The margin expansion we are seeing is not driven by short-term actions; it is the result of structural improvements in product mix, disciplined operating execution, and the leverage we built into our infrastructure. When we spoke last quarter, we described fiscal 2026 as a year where Alliance would operate from a new baseline, one defined by higher-quality revenue, stronger margins, and more consistent earnings power. The second quarter demonstrates that this is not a one-quarter phenomenon. Margin expansion continued, operating leverage remained intact, and our cost discipline held even as we continue to invest selectively in areas that support long-term growth. The performance this quarter reflects several themes that have been consistent across the business.

We continue to see a shift towards higher-value products, particularly in premium physical media and collectibles. Our exclusive content partnerships are contributing to better pricing, stronger sell-through, and improved visibility with retail partners. And our distribution and fulfillment infrastructure continues to scale efficiently, allowing us to support growth while maintaining tight control over costs. Taken together, the second quarter reinforced that Alliance is executing against a clear strategic plan that prioritizes earnings quality, margin durability, and disciplined growth. We are building a business that generates sustainable profitability and positions us well for long-term value creation.

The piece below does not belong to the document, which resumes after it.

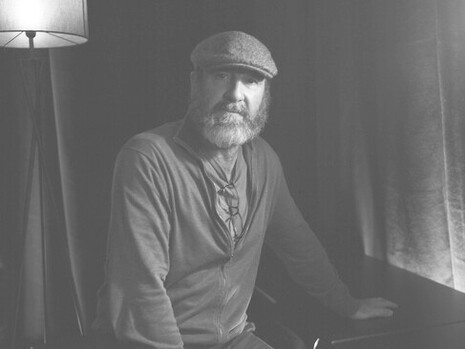 Eric Cantona posant après une longue période, rappelant son héritage pendant le premier jour du Web Summit 2019 à l'Altice Arena de Lisbonne, au Portugal, le 5 novembre 2019. Photo de Sam Barnes/Web Summit via Sportsfile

With that context, I would like to walk you through the key drivers behind this performance, starting with how our content strategy and category focus are shaping results across the portfolio. One area I want to spend a few minutes on is physical media because it is important to be clear about how we think about this category today. At Alliance, we do not view physical media as a legacy business. We view it as a collectible category driven by enthusiasts, premium formats, and exclusivity. That distinction matters because it explains both the performance we delivered this quarter and strategic decisions we are making going forward.